Dostumuz Putin’in yeni yıl hediyesi mülteciler...
Epey bir süredir Rusya ve İran’la Astana süreçleri yürütülüyor, bu üçlü zirvelerde sayısız anlaşmalar yapıldı, mutabakat metinleri imzalandı. Tek hedef; İdlip’te sivillerin korunması ve sürecin insani bir felakete yol açmadan salimen sonuçlandırılmasıydı. Hatta en son Putin’le Erdoğan arasında yapılan yüz yüz görüşmede de mesele bütün ayrıntılarıyla görüşülmüştü.
Ancak ne yazık ki bütün bu zirvelerin, yüz yüze görüşmelerin sahadaki sonuçları başka türlü tezahür ediyor. Rusya hava destekli Suriye ordusu neredeyse her gün İdlip’i bombalıyor, siviller, çocuklar ölüyor. Bombalardan kaçan 50 bine yakın göçmen dalgası konvoylar halinde ülkemizin sınırlarına dayanmış durumda. Kısacası bir türlü toz konduramadığımız dostumuz Putin, yeni yıl hediyesi olarak bize yeni mülteciler gönderiyor.
Bu manzara karşısında Türkiye, yüksek sesle Batı’ya “Oldu, oldu olmadı; biz de kapıları açmak zorunda kalırız. Destek verecekseniz verin. Vermeyecekseniz kusura bakmayı bir yere kadar katlandık katlanıyoruz. AB ve Batı dünyasından gereken desteği alamadık almak için de bunu yapmak zorunda kalabiliriz” uyarılarında bulunuyor. İyi güzel de bu felaketin baş müsebbibi olan Putin’e dönüp “Ey Putin! Bu katliamı durdur, yoksa mültecileri size göndeririz” diyemeyecek miyiz?

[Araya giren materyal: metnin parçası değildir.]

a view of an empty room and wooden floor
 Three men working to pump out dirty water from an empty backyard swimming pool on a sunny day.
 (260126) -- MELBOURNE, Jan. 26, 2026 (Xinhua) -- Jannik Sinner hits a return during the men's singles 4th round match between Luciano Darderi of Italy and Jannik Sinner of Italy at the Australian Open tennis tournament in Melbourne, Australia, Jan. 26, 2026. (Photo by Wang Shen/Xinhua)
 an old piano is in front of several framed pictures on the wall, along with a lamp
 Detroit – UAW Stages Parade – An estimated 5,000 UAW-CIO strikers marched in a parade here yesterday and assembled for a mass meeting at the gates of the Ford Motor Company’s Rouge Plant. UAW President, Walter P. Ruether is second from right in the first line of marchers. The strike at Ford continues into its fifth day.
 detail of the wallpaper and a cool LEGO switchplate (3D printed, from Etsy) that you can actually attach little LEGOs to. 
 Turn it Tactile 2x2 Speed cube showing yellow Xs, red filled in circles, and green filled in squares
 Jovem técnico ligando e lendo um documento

Hani Amerika ve Rusya ile ayrı ayrı mutabakatlar imzalamıştık, buna göre YPG-PKK’yı 30 kilometre geriye çekeceklerdi... Oysa YPG olduğu yerde duruyor, bu da yetmiyormuş gibi Rusya YPG’yi eğitmeye ve onlarla iş tutarak Esad rejimini sınırımıza yerleştirmeye devam ediyor. Öyle anlaşılıyor ki bütün dostluk gösterilerine rağmen, Rusya ve ABD aralarındaki zımni anlaşmayla Suriye’deki varlıklarını daha da tahkim ederek bizi sessiz sedasız devre dışı bırakmış bulunuyorlar.
Maalesef Suriye’de askeri ve politik hedeflerine ulaşamayan Türkiye, Libya’ya çıkartmaya yapmaya hazırlanıyor, ama Libya’da diplomasi kartlarımızın gücü daha zayıf. Çünkü bu kez ABD, Rusya, AB ve Arap ülkeleri dahil önemli güç merkezlerini karşımıza almış bulunuyoruz. Mesela Suriye’deki partnerimiz Libya’da artık bizimle değil, bize düşmanlık besleyen Hafter’le birlikte... Eğer Libya’da Ulusal Mutabakat Hükümeti kaybederse, doğal olarak biz de onunla birlikte kaybetmiş olacağız. Elbette Türkiye’nin Doğu Akdeniz’deki enerji denkleminde yer alma hakkı var ve bunun mücadelesini de vermek durumunda. Ancak bütün bu adımları atarken, uluslararası camiayı karşımıza almak gibi bir lüksümüz de yok. Ne yazık ki son dönemde dış politikada dostlarımızı azaltan bir diplomasi fotoğrafıyla karşı karşıyayız. Unutmayalım ki Montrö’yü çöpe atma gibi absürt işlerle uğraşmak, dostlarımızı arttırmak için bir fayda sağlamayacaktır. Hele “S-400’leri aldık, yenilerini de alırız” diyerek ABD yaptırımlarına meydan okumak hiç değil...
Şu anda adeta yedi düvele karşı adeta savaş açmış durumdayız. Avrupa Birliği’ne kızgınız, Ortadoğu’da Katar dışında neredeyse hiçbir dostumuz kalmamış durumda. Amerika’da ise bir tek tutunacak dalımız Trump var, onun da yarın rüzgar tersten estiğinde nereye döneceğinden emin değiliz.
Maalesef dış politikada meydan okumanın bir strateji haline gelmesi, Türkiye’yi gerek bölgesel, gerekse küresel ölçekte bir yalnızlık koridoruna hapsetmiş bulunuyor. Hiçbir diplomasi bilgisine sahip olmayan insanların bile farkında olduğu bir gerçek var ki, dış politikanın temel hedefi; uluslararası alanda devletin ve milletin başını derde sokmamak ve var olan sorunları diplomatik bir maharetle çözmektir.